All couples fight. From arguing over the kids, money, relatives, holidays and sex, it’s natural to have disagreements with your partner but if you’re doing it all the time, it can start to take its toll.

Enter registered conflict mediator, relationship coach and family therapist Hal Runkel who says that the key to a successful marriage isn’t the amount you argue but how you do it, the Daily Mail reports.

Arguing can be a healthy part of any relationship but Runkel suggests that in order to strengthen your marriage, not weaken it, you need to express yourself in a way that increases your love, not that pushes your partner away.

So, what is the best way to defuse a heated row? Say the word 'ouch'.

It might sound trivial but Runkel says that saying the word makes our more vulnerable and signals clearly that you don’t want to continue with the destructive spat.

He explains that during a fight we often lash out, using our partner’s weak spots – painful childhood moment and worst fears – as ammunition.
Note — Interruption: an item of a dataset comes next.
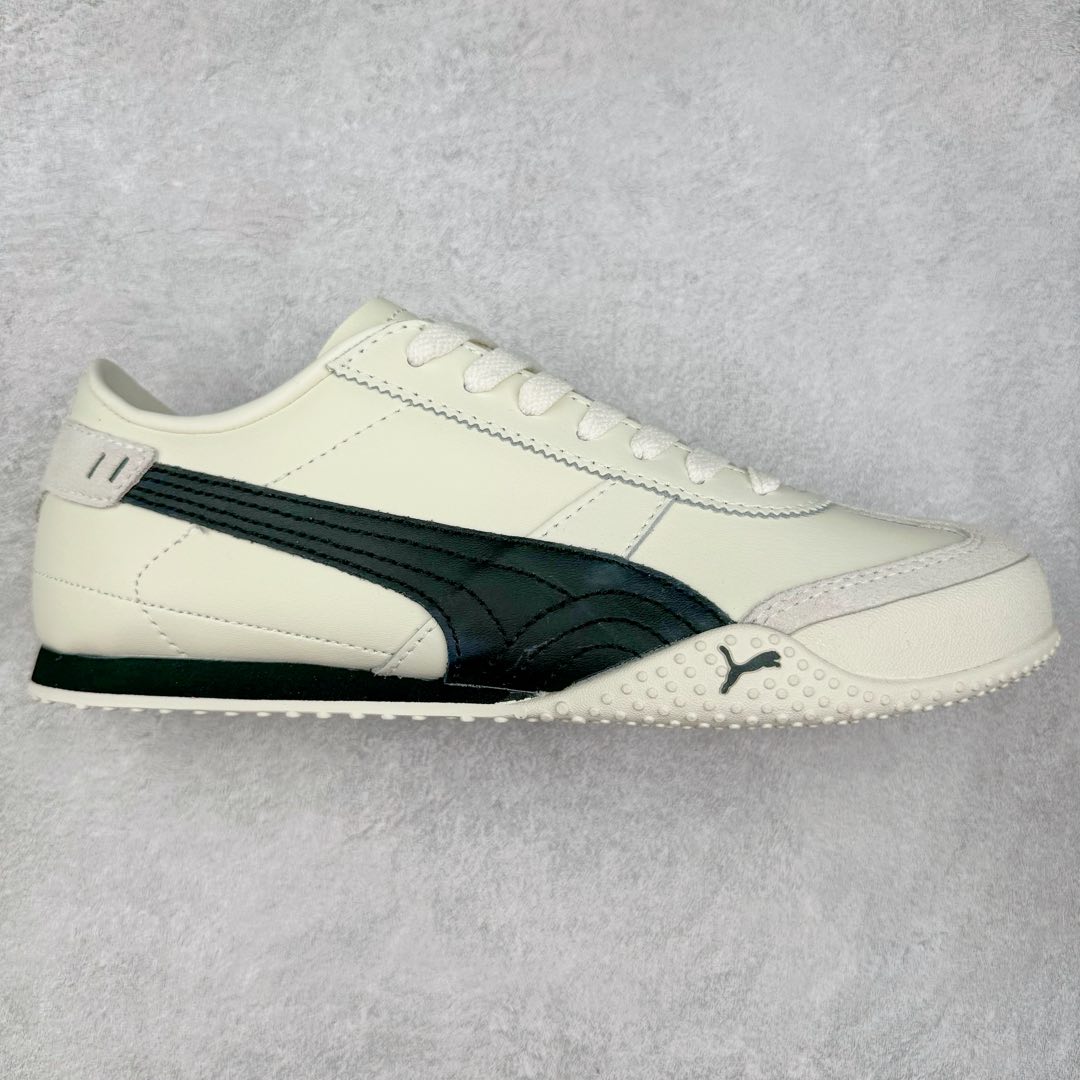 ＃特价福利 PUMA Bella UT Low 彪马贝拉UT系列低帮薄底德训复古风经典百搭休闲慢跑鞋 继将 Speedcat OG 带回后，近日 Puma 再以品牌档案室的经典鞋型 Bella OG 为蓝本，推出契合时下薄底球鞋趋势的 Bella UT 鞋款。自 21 世纪初问世以来，Bella OG 鞋型以其独特的薄底设计和上翻外底设计收获了众多年轻拥趸，更是 PUMA DNA 中不可磨灭的经典。此番重新推出的 Bella UT 鞋款，整体鞋面采用上乘皮革材质，并延续 Formstrip 设计语言；鞋头处采用精致的包头设计，搭配麂皮材质提升质感；鞋底部分保留 Bella 鞋款标志性的薄底和点状橡胶外底，上翘的设计包裹鞋面；鞋舌与鞋跟分别点缀美洲狮 Logo 与品牌字母 Logo。值得一提的是，本次 Bella UT 鞋款搭载 SOFTFOAM+ 鞋垫，兼顾美学设计与穿着舒适度。而配色上则提供白、黄、蓝、银、粉五款颜色。尺码：35.5 36 37 37.5 38 39 39.5 40 40.5 41 42 42.5 43 44 44.5 45-选品中心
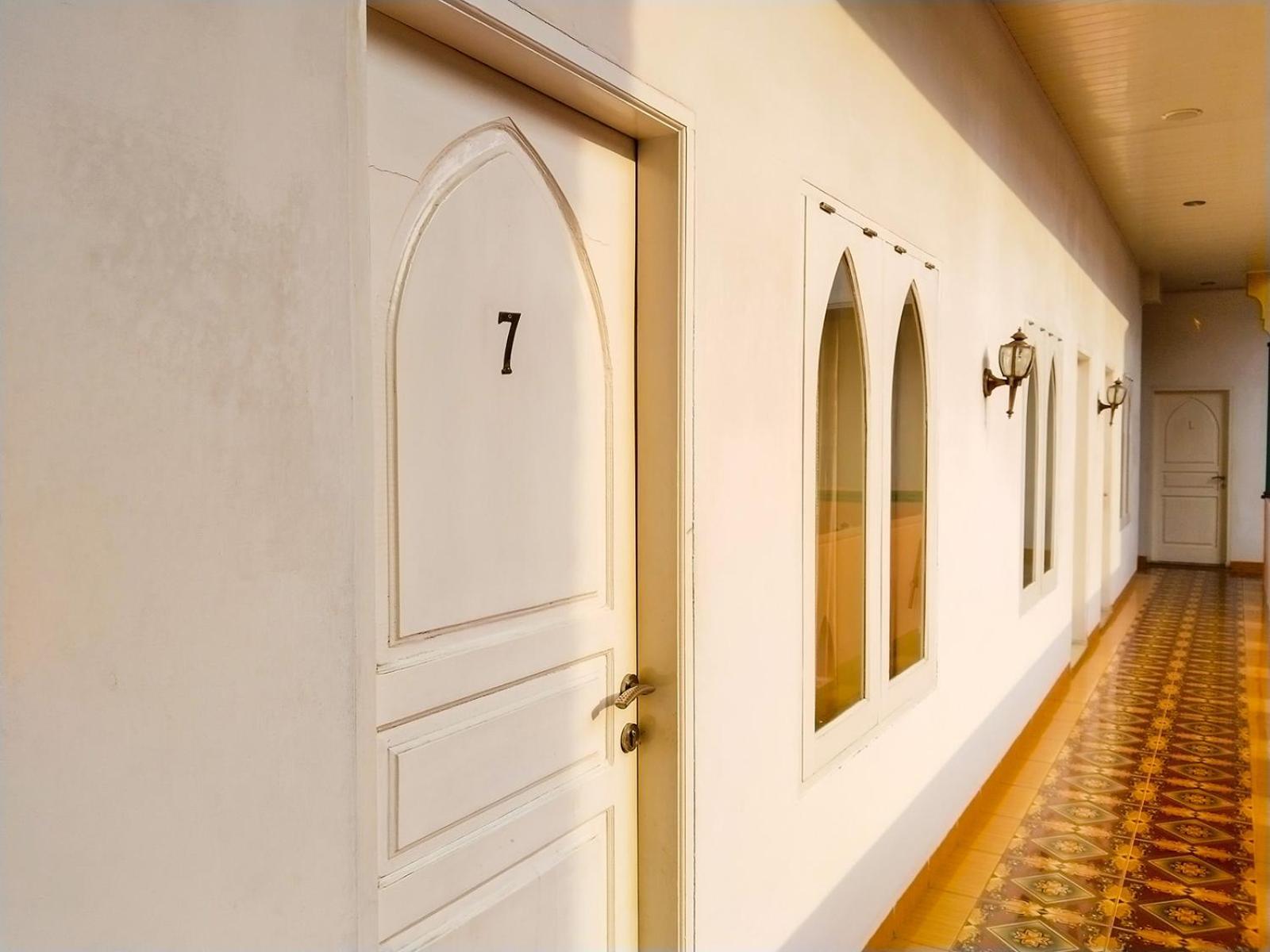 Grand Shaqilla Syariah Otel Deli Tua Dış mekan fotoğraf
But, rather than retaliating with an equally cutting comment we should resists the impulse to scream back.

Instead, Runkel says that saying the word ‘ouch’ will make your partner more aware that they are in ‘attack’ mode, causing them to calm down.

In addition, he also suggests avoiding using the word ‘never’ during a dispute as accusing someone of ‘never’ doing something doesn’t give them motivation to change and can be “powerfully toxic.”

It’s also important, he says, to be honest but not brutally honest and to not play the victim.

Whining can be viewed as a way of making your partner change by pitying you but this isn’t constructive to your relationship.

Instead, Runkel says it’s important for your spouse to make his or her own decisions and that if there’s a topic you’re sensitive about it’s typically your responsibility to work on.